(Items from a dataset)
= Beginning of Section =
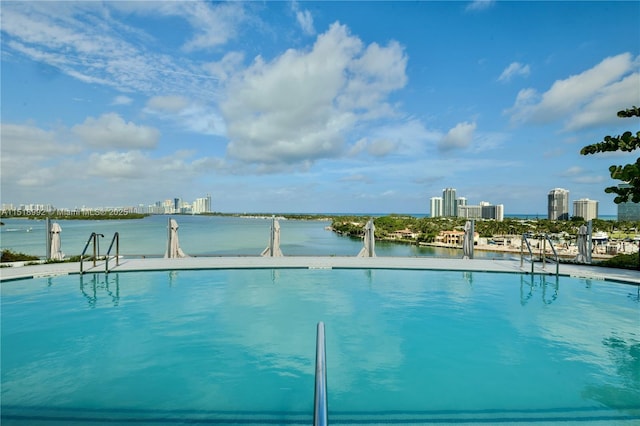 view of pool featuring a water view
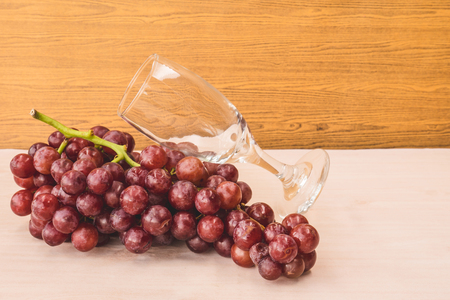 Red grapes with wine glass on the wooden table. Free space for textの写真素材
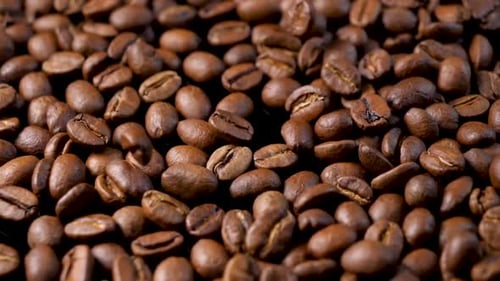 Close-up of falling roasted coffee beans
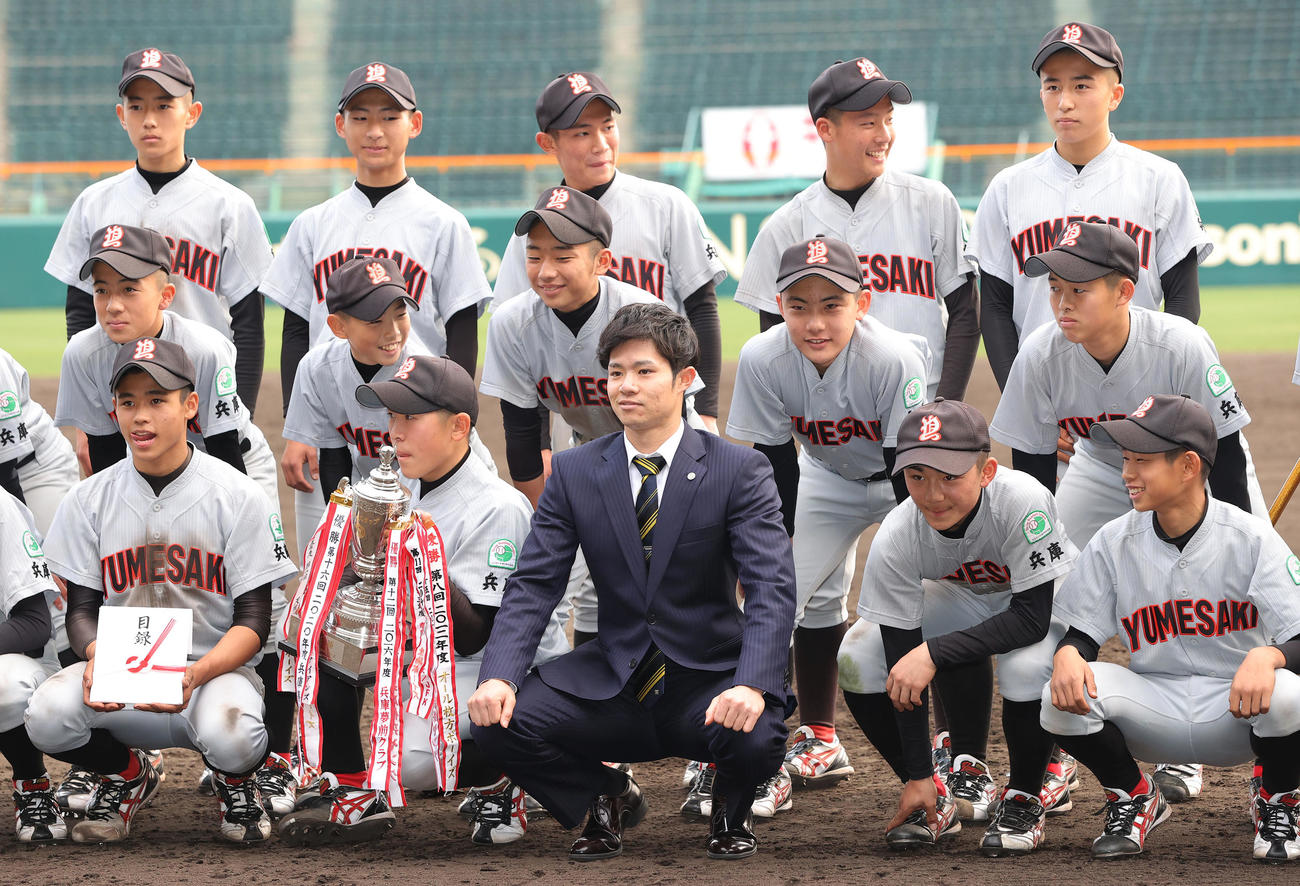 タイガースカップの表彰式で、優勝した兵庫夢前ヤングの選手たちと記念撮影する阪神中野（前列中央）（撮影・前田充）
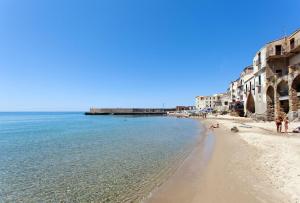 チェファルにあるNido al Mare - by Vacation Serviceの建物と水辺のビーチの景色を望めます。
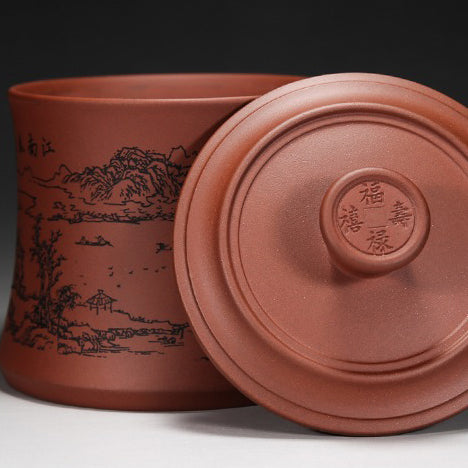 Yixing purple clay tea cup with traditional design and engravings
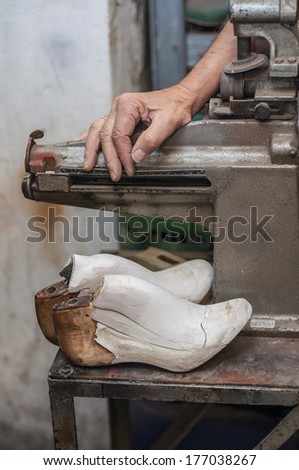 A shoemaker\'s hand and tools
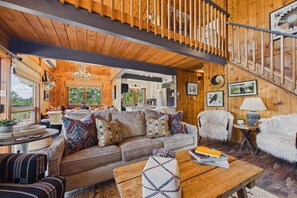 Interior acogedor de una cabaña con una escalera de madera, un conjunto de sofás y una mesa de comedor.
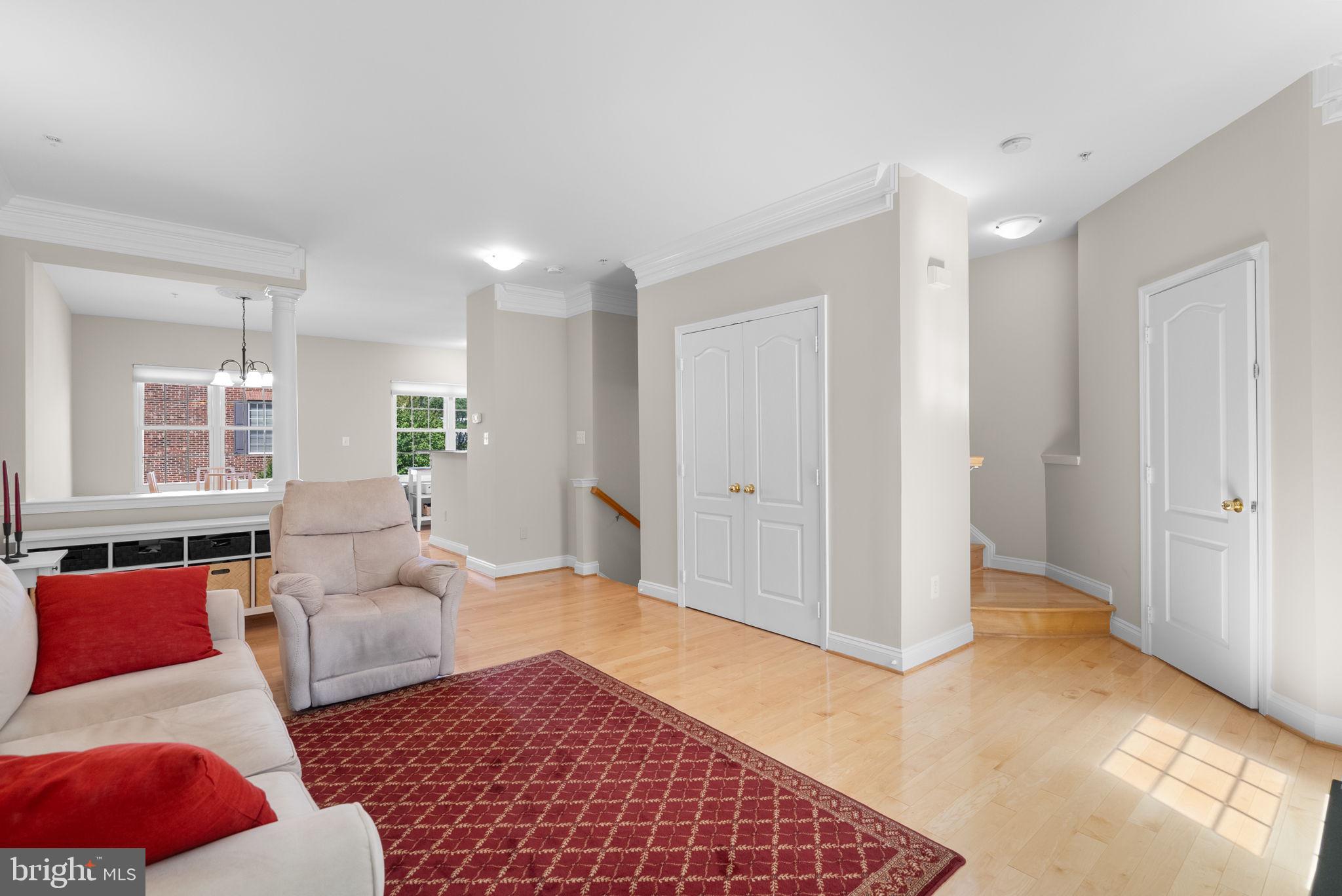215 Poplar Spring Road Rockville, MD 20850 - Photo 5 of 30 a living room with furniture and a rug
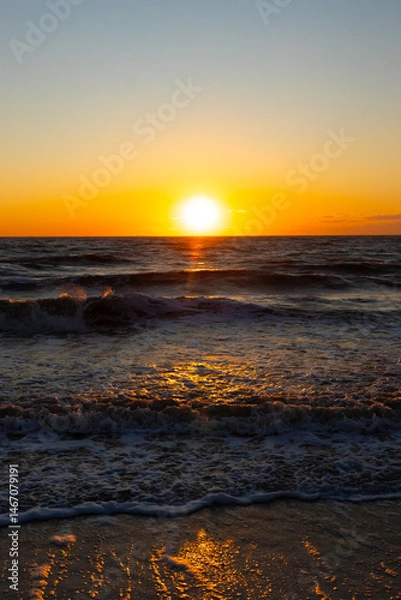 Fototapeta A breathtaking ocean sunset with the sun dipping below the horizon, casting a warm golden glow on the rippling blue water. Serene and picturesque coastal scene.
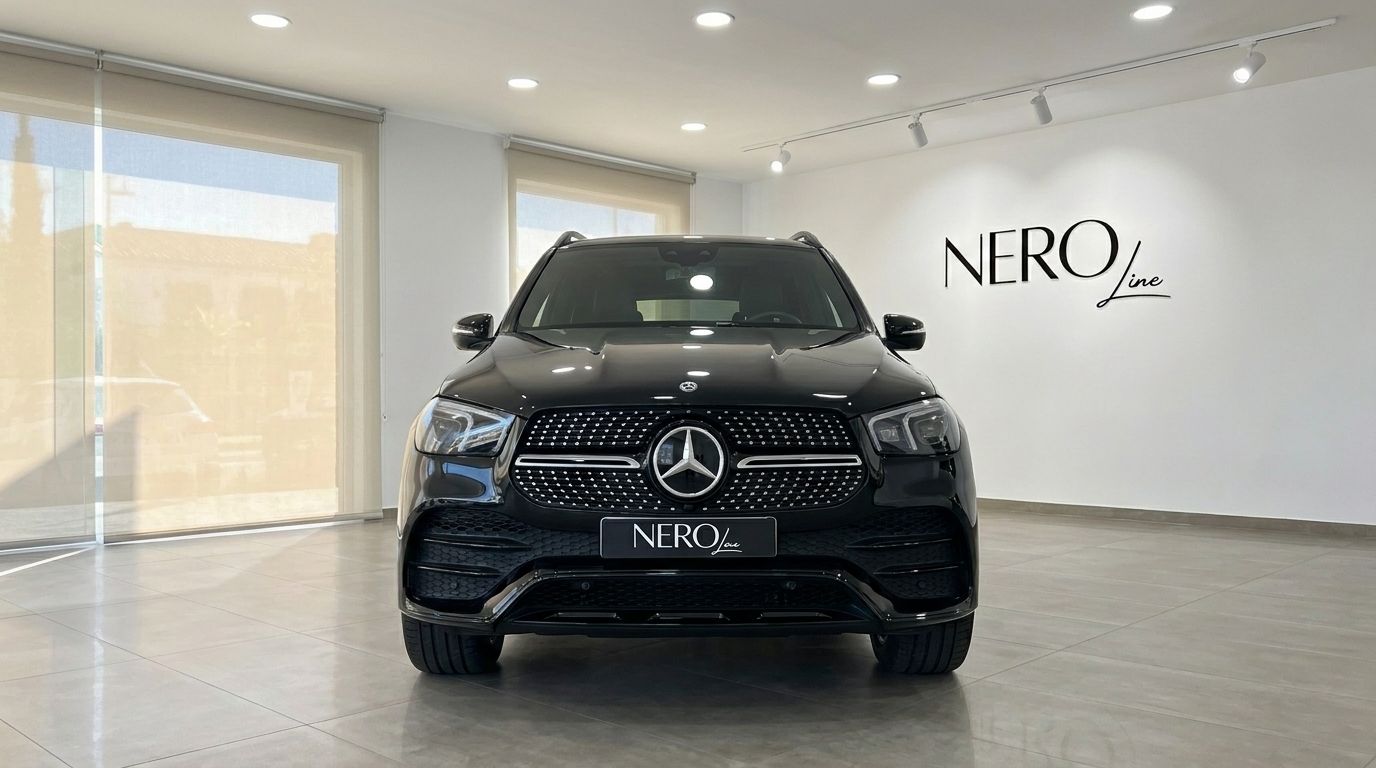 The sleek black Mercedes-Benz GLE 450d is showcased from a direct front view in a bright Marbella showroom.
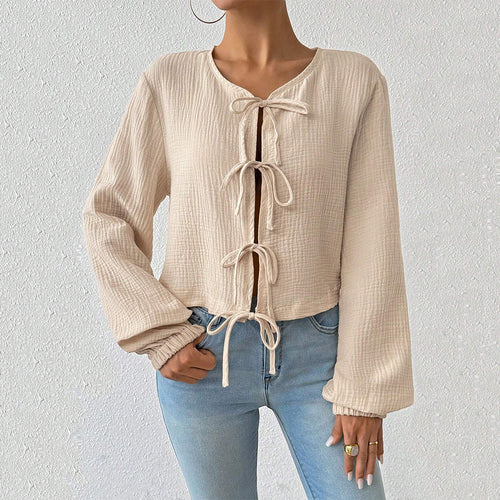 Damen kurz geschnittene Musselinbluse mit Knotenverschlüssen und Ballonärmeln Shop Nory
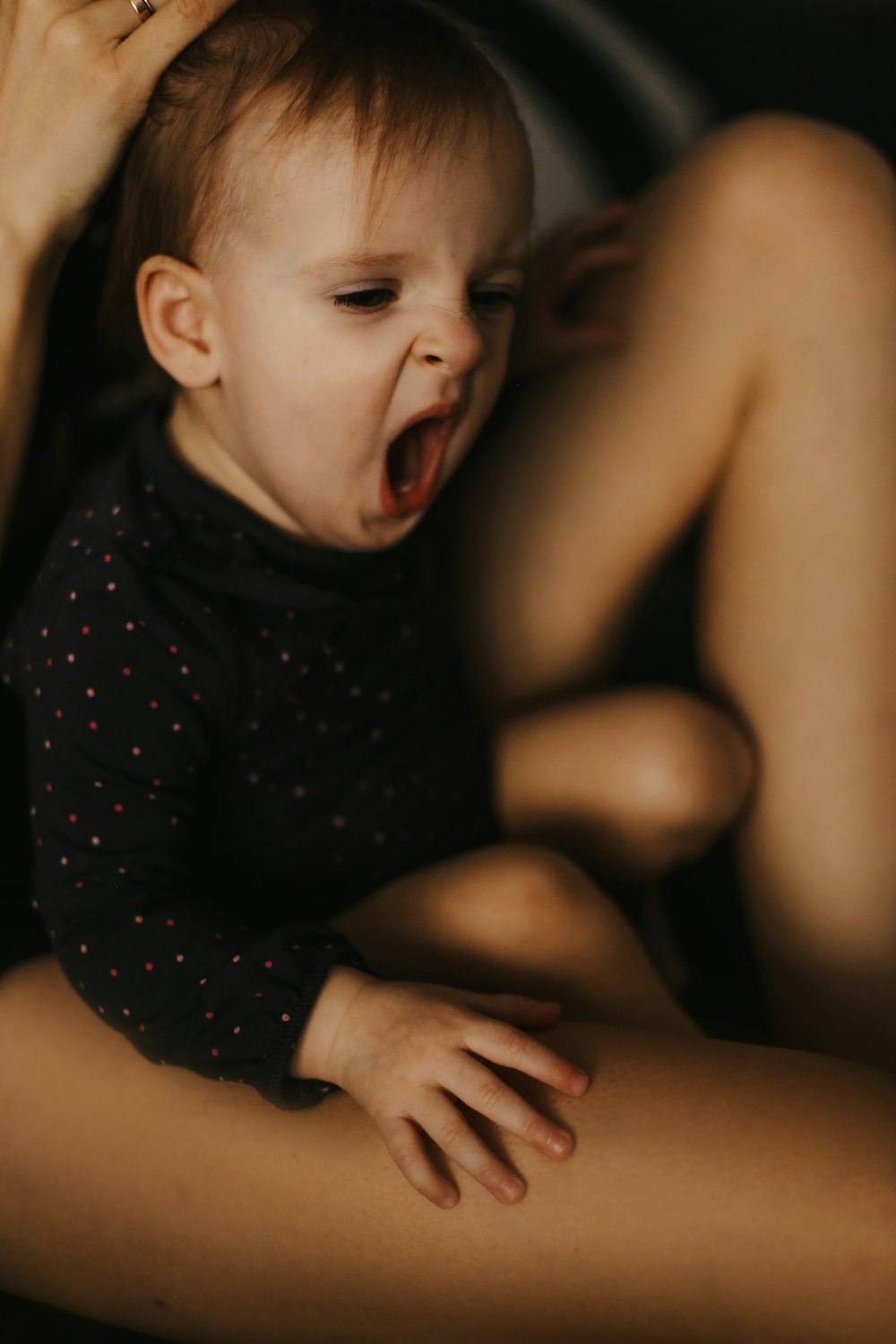 a baby crying on a person's lap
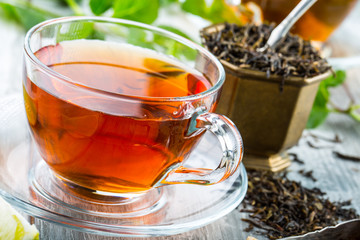 Tea. Mint Tea. Herbal tea. Mint leaf. Mint leaves. Tea in a glass cup, mint leaves, dried tea, sliced lime. herbs tea and mint leaves on a slate plate in a restaurant or teahouse tea room.
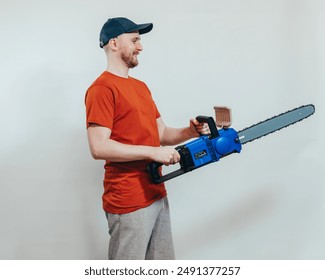 Side view of a happy carpenter holding chainsaw, power tools, DIY, forestry work, outdoor activity, equipment, manual labor - Powered by Shutterstock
= End of Section =
> _EXERCISE INSTRUCTIONS_: Could you transcribe every entry exactly, leaving out the pictures?

> _WRITTEN SOLUTION_:
 view of pool featuring a water view
 Red grapes with wine glass on the wooden table. Free space for textの写真素材
 Close-up of falling roasted coffee beans
 タイガースカップの表彰式で、優勝した兵庫夢前ヤングの選手たちと記念撮影する阪神中野（前列中央）（撮影・前田充）
 チェファルにあるNido al Mare - by Vacation Serviceの建物と水辺のビーチの景色を望めます。
 Yixing purple clay tea cup with traditional design and engravings
 A shoemaker\'s hand and tools
 Interior acogedor de una cabaña con una escalera de madera, un conjunto de sofás y una mesa de comedor.
215 Poplar Spring Road Rockville, MD 20850 - Photo 5 of 30 a living room with furniture and a rug
 Fototapeta A breathtaking ocean sunset with the sun dipping below the horizon, casting a warm golden glow on the rippling blue water. Serene and picturesque coastal scene.
 The sleek black Mercedes-Benz GLE 450d is showcased from a direct front view in a bright Marbella showroom.
 Damen kurz geschnittene Musselinbluse mit Knotenverschlüssen und Ballonärmeln Shop Nory
 a baby crying on a person's lap
 Tea. Mint Tea. Herbal tea. Mint leaf. Mint leaves. Tea in a glass cup, mint leaves, dried tea, sliced lime. herbs tea and mint leaves on a slate plate in a restaurant or teahouse tea room.
 Side view of a happy carpenter holding chainsaw, power tools, DIY, forestry work, outdoor activity, equipment, manual labor - Powered by Shutterstock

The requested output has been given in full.